Insurance Wars: Is There a Winner in Sight?

If the 80s was the time of the cola wars, I'm thinking we must now be in the midst of the insurance wars. From Flo at the Progressive counter to Safe Auto trying to get you legal for less, we're inundated with insurance TV ads. Not to mention insurance characters – a lizard, a general, a female ninja. As a category, the combined messaging must be getting through because I find myself questioning whether I have the best coverage for my needs at the price that I'm willing to pay. But who cut through the clutter and convinced me that they should be the first call I make? For a quick review of the choices, I grouped the competition into three major categories based on how they position themselves in the market.

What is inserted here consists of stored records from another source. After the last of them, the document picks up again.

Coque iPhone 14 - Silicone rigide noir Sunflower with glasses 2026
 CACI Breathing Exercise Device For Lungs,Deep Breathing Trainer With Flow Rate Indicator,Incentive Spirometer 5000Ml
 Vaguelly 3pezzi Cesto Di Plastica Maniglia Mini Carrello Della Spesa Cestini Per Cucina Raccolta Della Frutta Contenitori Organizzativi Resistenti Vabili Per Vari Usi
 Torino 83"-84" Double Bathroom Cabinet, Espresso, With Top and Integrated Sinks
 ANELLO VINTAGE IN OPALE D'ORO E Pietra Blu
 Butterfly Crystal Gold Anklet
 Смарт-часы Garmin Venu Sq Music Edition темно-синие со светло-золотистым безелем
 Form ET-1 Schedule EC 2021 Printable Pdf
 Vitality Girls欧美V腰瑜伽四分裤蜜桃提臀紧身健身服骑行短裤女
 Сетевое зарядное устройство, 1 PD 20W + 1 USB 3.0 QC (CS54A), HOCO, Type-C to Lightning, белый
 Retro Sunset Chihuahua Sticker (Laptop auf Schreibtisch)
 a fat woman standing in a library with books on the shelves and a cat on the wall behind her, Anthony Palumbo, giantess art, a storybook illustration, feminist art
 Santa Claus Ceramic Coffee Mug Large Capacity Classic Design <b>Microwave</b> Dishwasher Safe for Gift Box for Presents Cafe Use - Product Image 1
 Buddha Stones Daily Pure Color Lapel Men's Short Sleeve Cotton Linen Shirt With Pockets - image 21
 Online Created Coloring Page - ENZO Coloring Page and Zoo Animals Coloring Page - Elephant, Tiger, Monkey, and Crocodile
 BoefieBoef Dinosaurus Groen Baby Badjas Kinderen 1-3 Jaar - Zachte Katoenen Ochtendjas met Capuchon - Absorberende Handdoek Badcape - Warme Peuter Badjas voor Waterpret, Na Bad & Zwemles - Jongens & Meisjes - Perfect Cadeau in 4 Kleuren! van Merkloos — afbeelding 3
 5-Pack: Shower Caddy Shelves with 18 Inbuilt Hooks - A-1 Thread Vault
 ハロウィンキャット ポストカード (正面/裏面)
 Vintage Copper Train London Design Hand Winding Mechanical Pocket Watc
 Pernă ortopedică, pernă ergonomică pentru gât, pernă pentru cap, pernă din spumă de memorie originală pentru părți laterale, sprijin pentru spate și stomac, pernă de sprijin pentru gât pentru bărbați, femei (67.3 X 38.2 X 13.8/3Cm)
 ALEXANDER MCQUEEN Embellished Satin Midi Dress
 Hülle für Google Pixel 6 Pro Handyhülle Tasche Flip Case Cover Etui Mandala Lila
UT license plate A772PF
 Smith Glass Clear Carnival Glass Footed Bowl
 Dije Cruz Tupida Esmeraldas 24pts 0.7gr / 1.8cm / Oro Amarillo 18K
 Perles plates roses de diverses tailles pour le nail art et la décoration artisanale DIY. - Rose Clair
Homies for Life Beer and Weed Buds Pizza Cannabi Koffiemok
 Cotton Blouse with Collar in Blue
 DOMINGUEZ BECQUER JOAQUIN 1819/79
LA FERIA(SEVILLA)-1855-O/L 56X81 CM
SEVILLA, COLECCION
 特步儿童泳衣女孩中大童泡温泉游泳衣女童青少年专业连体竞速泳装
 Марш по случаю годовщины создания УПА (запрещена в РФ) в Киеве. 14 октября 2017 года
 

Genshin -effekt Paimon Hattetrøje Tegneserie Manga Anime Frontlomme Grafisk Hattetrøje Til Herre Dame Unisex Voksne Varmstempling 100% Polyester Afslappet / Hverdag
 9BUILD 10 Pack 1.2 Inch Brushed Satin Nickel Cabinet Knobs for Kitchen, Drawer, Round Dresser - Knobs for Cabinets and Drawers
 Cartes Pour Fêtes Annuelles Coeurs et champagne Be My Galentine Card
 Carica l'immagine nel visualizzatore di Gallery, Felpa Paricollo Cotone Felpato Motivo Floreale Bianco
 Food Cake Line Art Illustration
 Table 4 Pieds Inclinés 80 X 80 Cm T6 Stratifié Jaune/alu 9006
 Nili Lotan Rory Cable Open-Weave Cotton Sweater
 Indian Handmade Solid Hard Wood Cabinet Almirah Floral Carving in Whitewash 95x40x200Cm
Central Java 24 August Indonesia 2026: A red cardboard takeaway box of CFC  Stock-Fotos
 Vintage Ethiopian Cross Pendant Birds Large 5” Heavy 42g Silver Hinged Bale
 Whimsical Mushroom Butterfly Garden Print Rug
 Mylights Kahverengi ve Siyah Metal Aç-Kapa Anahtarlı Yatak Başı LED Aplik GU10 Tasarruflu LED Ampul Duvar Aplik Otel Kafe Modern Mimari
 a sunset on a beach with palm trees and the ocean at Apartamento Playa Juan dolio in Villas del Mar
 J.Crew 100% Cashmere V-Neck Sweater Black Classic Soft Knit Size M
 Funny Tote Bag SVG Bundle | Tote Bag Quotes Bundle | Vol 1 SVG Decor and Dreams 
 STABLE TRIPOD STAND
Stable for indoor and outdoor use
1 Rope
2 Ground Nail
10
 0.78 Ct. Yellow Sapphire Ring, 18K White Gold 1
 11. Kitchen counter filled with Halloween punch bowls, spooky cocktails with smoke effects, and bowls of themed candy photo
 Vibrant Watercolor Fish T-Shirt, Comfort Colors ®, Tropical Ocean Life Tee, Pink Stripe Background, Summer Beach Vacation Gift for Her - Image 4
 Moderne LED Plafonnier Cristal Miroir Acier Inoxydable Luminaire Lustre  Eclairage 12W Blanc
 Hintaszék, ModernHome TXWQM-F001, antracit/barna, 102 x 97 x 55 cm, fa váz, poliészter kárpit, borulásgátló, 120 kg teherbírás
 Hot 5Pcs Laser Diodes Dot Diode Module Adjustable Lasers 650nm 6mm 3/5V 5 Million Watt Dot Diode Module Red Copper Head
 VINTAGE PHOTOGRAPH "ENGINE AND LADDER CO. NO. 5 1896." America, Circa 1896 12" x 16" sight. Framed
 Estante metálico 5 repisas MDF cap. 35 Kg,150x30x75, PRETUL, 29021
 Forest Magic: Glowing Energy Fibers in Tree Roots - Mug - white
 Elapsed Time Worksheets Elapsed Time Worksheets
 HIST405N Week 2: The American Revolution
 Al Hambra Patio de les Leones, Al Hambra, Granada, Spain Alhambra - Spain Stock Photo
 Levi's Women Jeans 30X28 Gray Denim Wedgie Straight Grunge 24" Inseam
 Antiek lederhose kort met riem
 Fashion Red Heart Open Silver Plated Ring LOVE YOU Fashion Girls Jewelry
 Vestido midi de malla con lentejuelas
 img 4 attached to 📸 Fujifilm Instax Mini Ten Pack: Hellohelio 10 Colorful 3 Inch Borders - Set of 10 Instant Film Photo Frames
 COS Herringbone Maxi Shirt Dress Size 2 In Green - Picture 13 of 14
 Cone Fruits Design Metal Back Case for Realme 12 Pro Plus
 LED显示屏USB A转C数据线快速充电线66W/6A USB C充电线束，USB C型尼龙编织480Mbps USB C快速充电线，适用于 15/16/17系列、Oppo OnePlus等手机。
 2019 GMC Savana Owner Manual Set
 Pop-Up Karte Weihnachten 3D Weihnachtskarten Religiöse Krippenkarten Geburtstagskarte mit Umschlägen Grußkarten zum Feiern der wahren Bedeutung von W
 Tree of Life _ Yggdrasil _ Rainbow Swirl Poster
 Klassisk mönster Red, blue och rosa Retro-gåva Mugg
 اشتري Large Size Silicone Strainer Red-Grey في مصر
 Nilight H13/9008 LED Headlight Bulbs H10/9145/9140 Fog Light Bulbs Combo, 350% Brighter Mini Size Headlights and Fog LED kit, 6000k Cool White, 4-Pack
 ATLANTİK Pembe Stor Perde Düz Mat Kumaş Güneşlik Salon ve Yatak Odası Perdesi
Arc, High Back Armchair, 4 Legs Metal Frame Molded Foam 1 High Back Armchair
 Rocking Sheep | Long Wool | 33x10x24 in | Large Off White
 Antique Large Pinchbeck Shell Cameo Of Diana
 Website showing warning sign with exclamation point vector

  • If You're in a Bind: Companies whose main offering seems to be emergency or difficult coverage, The General and Safe Auto, for example. With features such as state minimum coverage and instant print proof of insurance, these companies don't seem to be looking for long term or growing customers.
  • Switch & Save: Companies who are selling based on range/breadth of coverage but with an overriding message of cost savings, Geico and Progressive, for example. Both of these utilize direct comparisons with the competition in their ads with a focus on how much you could save by switching. They want you as a customer across insurance categories and offer bundling.
  • Service after the Sale: Companies who focus on the service they provide when you have a claim, such as All State and State Farm. While they do promote coverage for all your needs and multiple policy discounts, the main message for companies in this category is the level of support they offer after you become a customer.

So who cut through the clutter for me? While I admit to being partial to the gecko with the accent, State Farm's message spoke the loudest to me about actual insurance topics. Looking at their latest TV spot of ex-customer Jerry calling State Farm agent Jessica after an accident and regretting his switch, I think several things are communicated well: the service level between agent and customer and the fact that multiple accidents won't get you cancelled. But the best message in this commercial is how easy it was to spend 15 minutes to switch carriers but how difficult he's finding the claim process. This is a very effective reference to Geico carried out via a situation that the viewer can relate to rather than a simple comparison statement.

I'll end with the disclaimer that I'm sure I overlooked some insurance companies and that all companies obviously fill a need within the overall market. But I'm personally going to call Jessica over at State Farm.